The planet, known as 55 Cancri e is more than 40-light years away from Earth and, according to scientists, has a diameter of 26.000 km, which is twice that of Earth’s, but with eight times its mass. Thus, it was named “super-Earth”. This planet orbits a star known as 55 Cancri B, a red dwarf star located about 159,321,732,615 km from the primary star 55 Cancri A.
The team of scientists that measured the transit of 55 Cancri e now plans to look for signs of water vapors in the planet’s atmosphere. Studies show that the planet makes one complete orbit around its sun in 18 hours which suggests that the planet is very close to its Sun-like star. Due to this fact daytime temperature can reach 1,700 degrees Celsius, thus 55 Cancri e is not inhabitable at all.
Scientist say that 55 Cancri A can be seen with the naked eye during a clear and moonless night. This planet was discovered in 2004 by an American astronomers team in Texas also by using a ground-based telescope.
Dr. Ernst de Mooij, the lead author of the study said :
”Our observations show that we can detect the transit of small planets around Sun-like stars using ground-based telescopes. This is especially important because upcoming missions such as TESS and PLATO should find many small planets around bright stars.”
In 2017 NASA is scheduled to launch the TESS mission (Transiting Exo-planet Survey Satellite) and in 2024, the European Space Agency will launch the PLATO mission (Planetary Transits and Oscillation of Stars). Both missions will have the same purpose : finding terrestrial planets transiting nearby bright stars. During these missions a number of small extra-solar planets are expected to be discovered.
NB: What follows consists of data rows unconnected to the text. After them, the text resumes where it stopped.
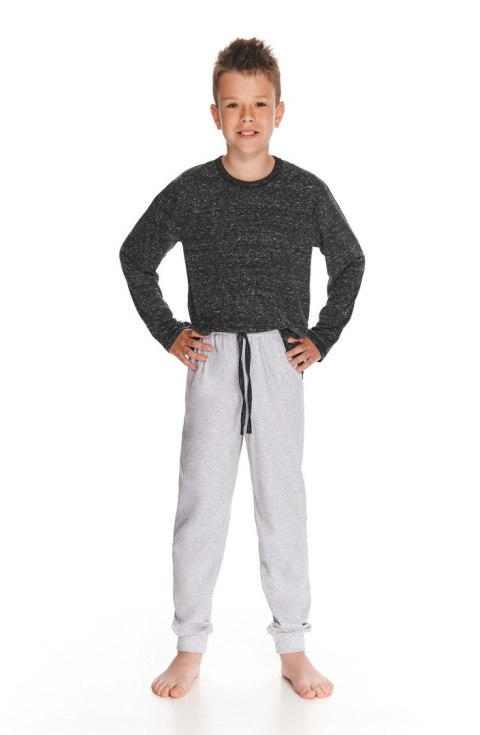 PIŻAMA CHŁOPIĘCA VITO 2825 DR R.92-116 SALE PIŻAMA CHŁOPIĘCA VITO 2825 DR R.92-116 SALE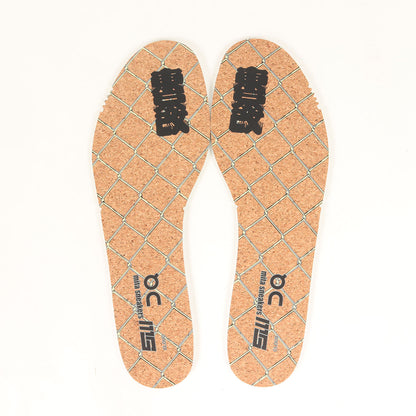 25SS ×mita sneakers Cloud 6 Coast MITA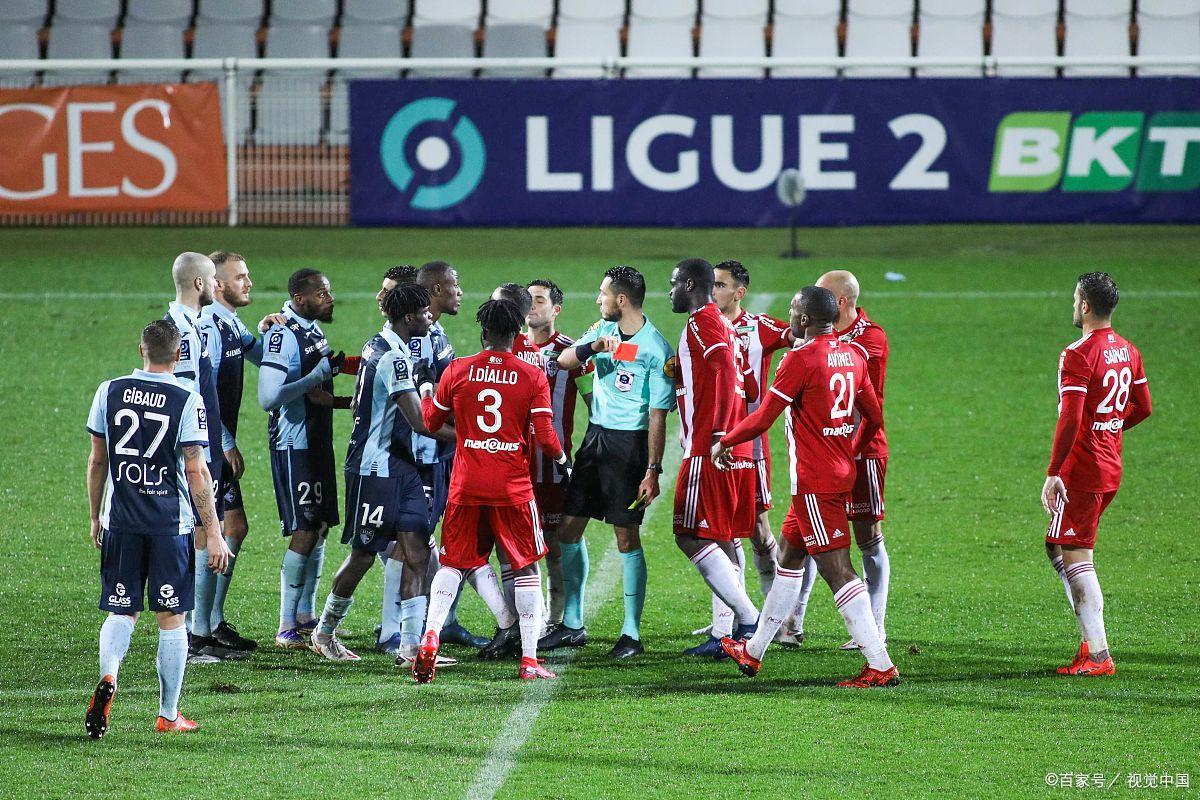 关于摩纳哥胜斯特拉斯堡,继续紧咬欧冠资格的信息 关于摩纳哥胜斯特拉斯堡,继续紧咬欧冠资格的信息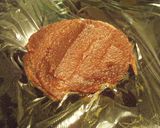 簡単！濃厚！チーズ風お豆冨の味噌漬け作り方3写真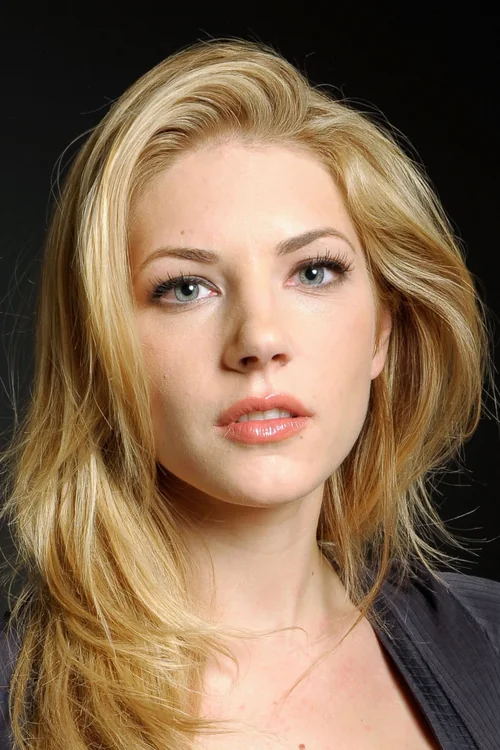 Profile image of Katheryn Winnick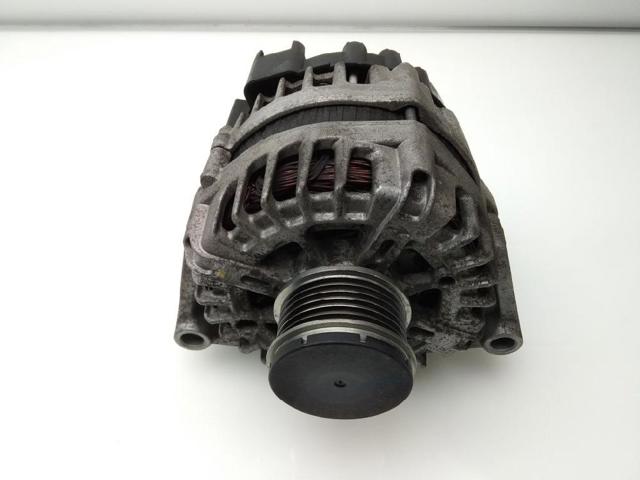 13588289 Opel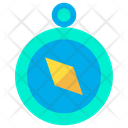 پیش‌نمایش فایل compass-1458643 از پک فضای باز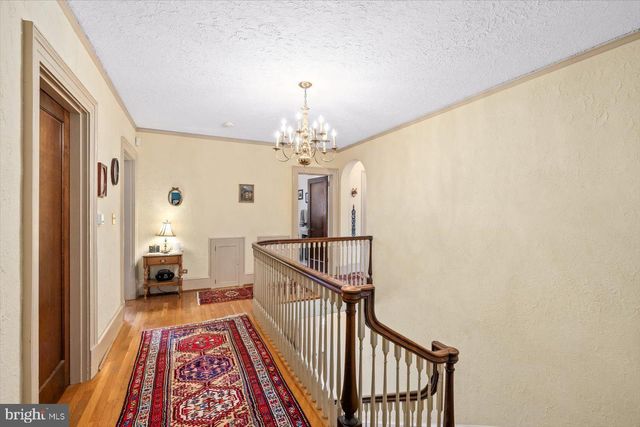 23494 VILLAGE RD, Unionville, VA 22567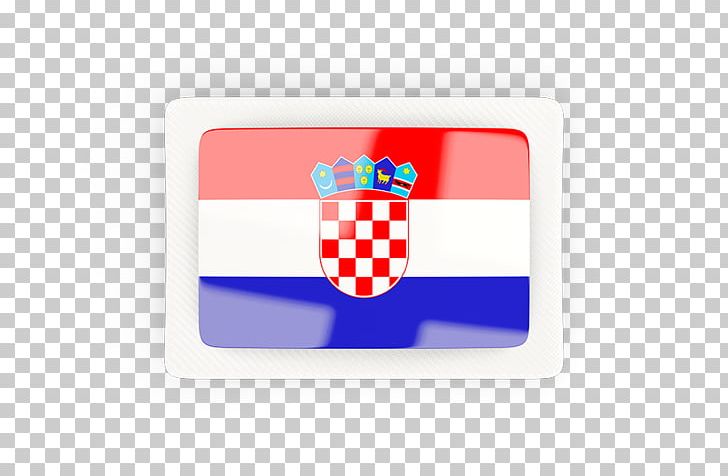 Flag Of Croatia Brand Png Clipart Brand Croatia Croatian Croats Flag Free Png Download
Dr. Ray Jayawardhana, the co-author of the study explains that such observations are essential to astronomers because they pave the way for further research looking into life on other planets. It is true that remote sensing is no easy task, he adds, especially when the planets in question are tens of light years away, however, ingenuity and technique allow even these difficult observations to be made.